The first principle behind the plan for increasing access to digital scientific data is: The sharing and preservation of data advances science by broadening the value of research data across disciplines and to society at large, protecting the integrity of science by facilitating the validation of results, and increasing the return on investment of scientific research.
Data Management Plans
Data management planning should be an integral part of research planning. NIH wants to ensure that all extramural researchers receiving Federal grants and contracts for scientific research and intramural researchers develop data management plans describing how they will provide for long-term preservation of, and access to, scientific data in digital formats resulting from federally funded research, or explaining why long-term preservation and access cannot be justified. In order to preserve the balance between the relative benefits of long-term preservation and access and the associated cost and administrative burden, NIH will continue to expect researchers to consider the benefits of long-term preservation of data against the costs of maintaining and sharing the data.

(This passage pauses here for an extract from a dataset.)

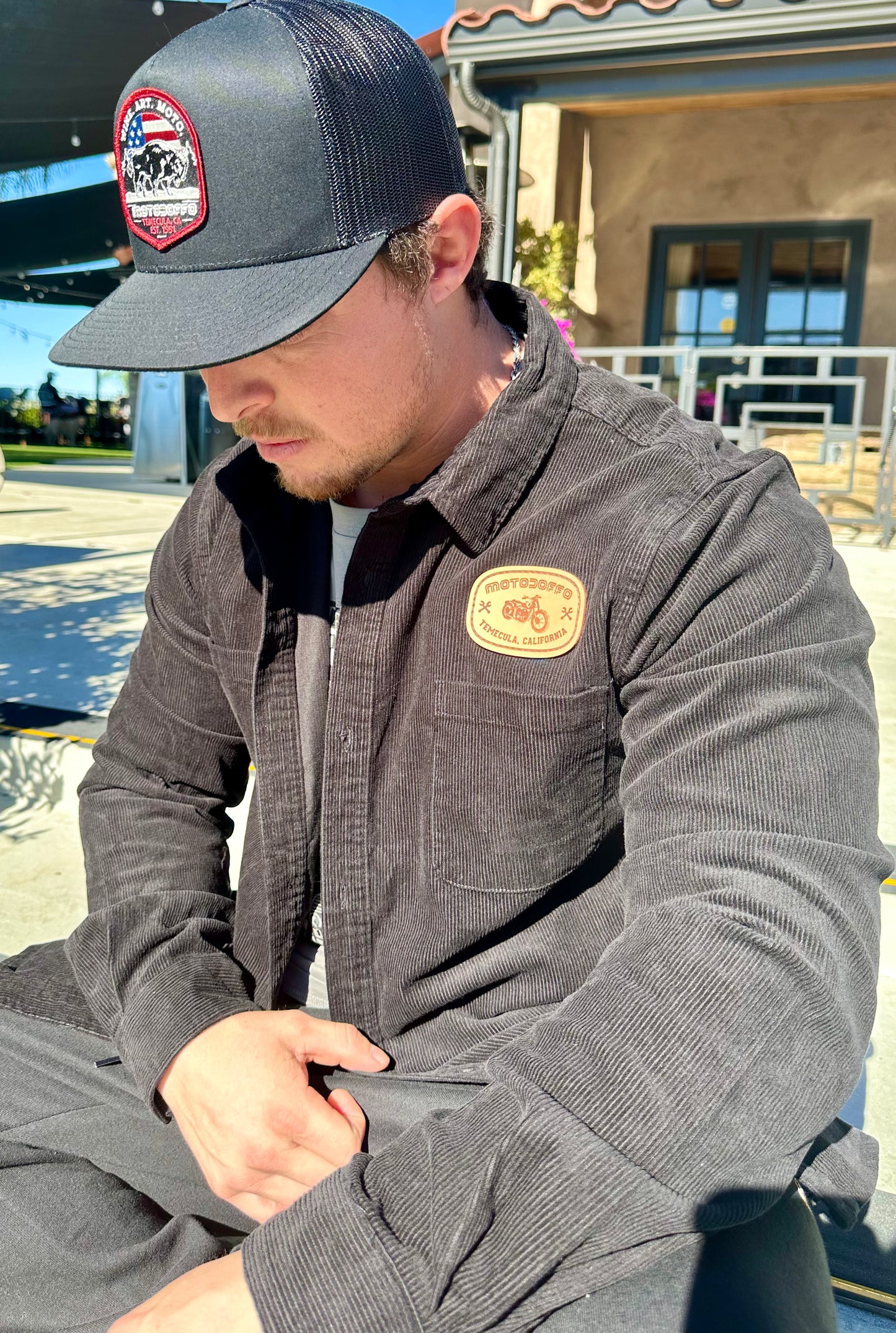 LEATHER PATCH CORDUROY JACKET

NIH will assess whether the appropriate balance has been achieved in data management plans between the relative benefits of long-term preservation and access and the associated cost and administrative burden. It will also develop guidance with the scientific community to decide which data should be prioritized for long-term preservation and access. NIH will also explore and fund innovative tools and services that improve search, archiving, and disseminating of data, while ensuring long-term stewardship and usability.
Assessing Long-Term Preservation Needs
NIH will provide for the preservation of scientific data and outline options for developing and sustaining repositories for scientific data in digital formats. The policies expect long-term preservation of data.
Long-term preservation and sustainability will be included in data management plans and will collaborate with other agencies on how best to develop and sustain repositories for digital scientific data.